It is obvious that the carbon support of PEMFC catalysts has been developed quite well, which is essential for the performance of PEMFCs. The requirements for the carbon support include high specific surface area, excellent conductivity, and adequate corrosion resistance.²⁸ The rich mesopores of the carbon support can provide a strong dispersion force for Pt NPs, and thus a robust catalyst should have a considerable amount of mesopores. To understand the specific surface areas and pore structures of the three commercial catalysts, N₂ adsorption–desorption tests were carried out, as depicted in Fig. 1a, which show that they all have obvious H₄-type hysteresis loops. This profile indicates the visible existence of a hierarchical micropore and mesopore structure. The specific surface areas of Cat.A, Cat.B and Cat.C are 305 m² g⁻¹, 419 m² g⁻¹, and 374 m² g⁻¹, respectively, which illustrate that Cat.B and Cat.C have abundant pore structures (Fig. 1b). Moreover, the proportions of the mesopore surface area and the mesopores volume further indicate that Cat.B and Cat.C can provide more oxygen to Pt NPs to reduce the mass transfer resistance because mesopores act as a gas diffusion channel (Fig. 1b–d).^10,29 Also, according to the literature, Pt NPs mainly exist in mesopores as the oxygen reduction reaction (ORR) catalytic sites.^29,30 Hence, with regard to the carbon support only, the support of Cat.B presents an impressive pore structure for Pt/C catalysts, closely followed by the support of Cat.C.

Fig. 1 (a) N₂ adsorption–desorption isotherms of three commercial catalysts. Summary of their specific surface area (b), pore size distribution (c) and pore volume (d).

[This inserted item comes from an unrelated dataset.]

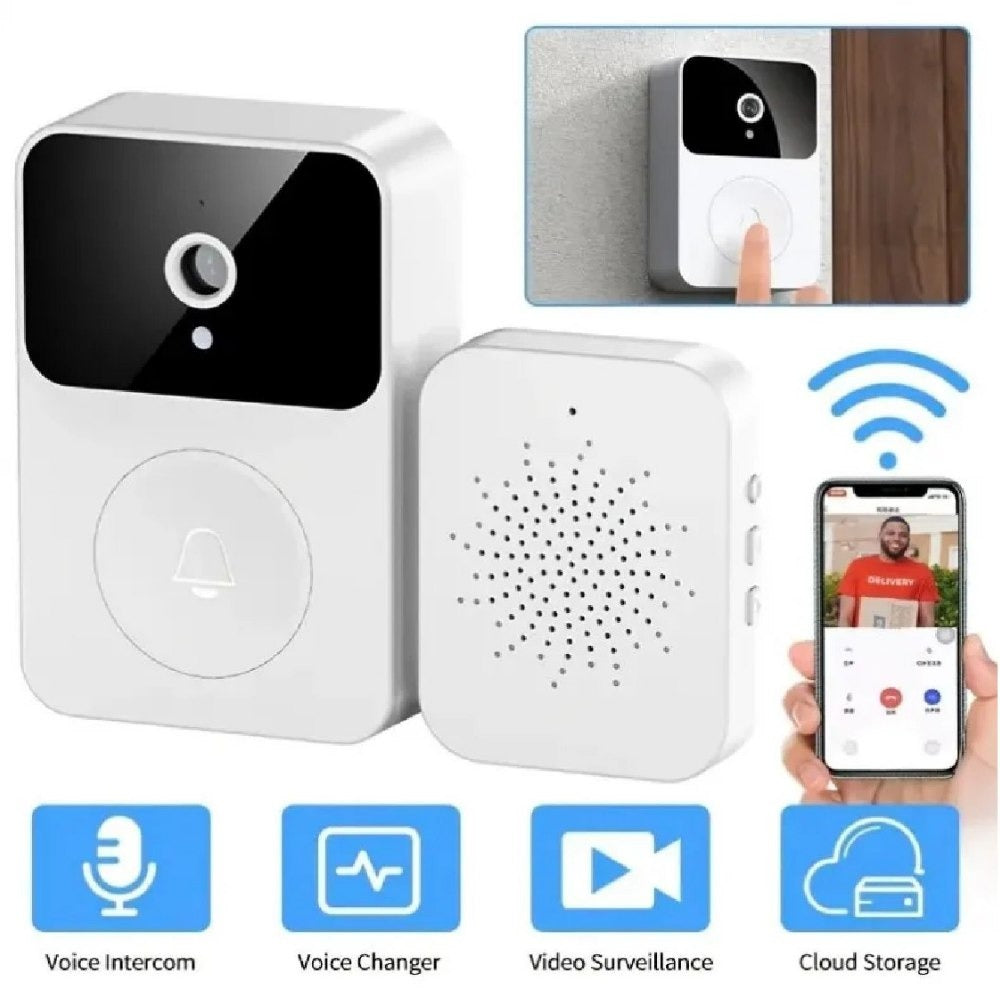 TIMBRE INTELIGENTE CON CAMARA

To provide insight toward understanding the structure of the carbon support of the three catalysts, their Raman spectra were recorded. It should be noted that for carbon materials, the peak at 1350 cm⁻¹ (D-band) reflects the disorder and defects, while that at 1580 cm⁻¹ (G-bond) is related to the sp²-hybridized carbon.^31,32 Their intensity ratio (I_D/I_G) reflects the degree of long-term order in the graphite lattice, which is defined as the graphitization degree. The lower the I_D/I_G value, the better the graphitization degree. Fig. 2 clearly shows that the graphitization degree increases in the order of I_D/I_G(Cat.A) > I_D/I_G(Cat.B) > I_D/I_G(Cat.C), highlighting that the support of Cat.C has an optional carbon structure. This result further indicates that the support of Cat.C has good conductivity and corrosion resistance, which effectively boost the electron transport and restrain the detachment, agglomeration, and growth of Pt NPs. In summary, considering the porosity and carbon structure, the support of Cat.C has the best comprehensive performance for electrocatalysts.

Fig. 2 Raman spectra recorded for Cat.A, Cat.B and Cat.C.

Moreover, X-ray diffraction (XRD) was performed to investigate the catalyst phase composition, as illustrated in Fig. 3. Firstly, the enlarged area shows the information on the carbon support. The support of Cat.C has an obvious graphitization C (002) peak, which is consistent with the above-mentioned Raman result. Furthermore, the typical face-centered cubic structured Pt for Cat.A, Cat.B and Cat.C could be identified to the corresponding Miller indices. It should be noted that the peak of Pt in Cat.B is narrower and more intense than that of the other two catalysts, which manifests the better crystallinity and larger average grain size of the Pt NPs in Cat.B. The theoretical Pt loading of the three catalysts is 54 wt%, 47 wt%, and 40 wt%, respectively, which indicates the good crystallinity of Pt with a larger average grain size for Cat.B. Although Cat.A and Cat.C have a large difference in Pt loading, their diffraction peak intensity is similar. This result presents a definite fact that there is no relation between the Pt loading and Pt grain size, further suggesting that a greater Pt loading is not always better.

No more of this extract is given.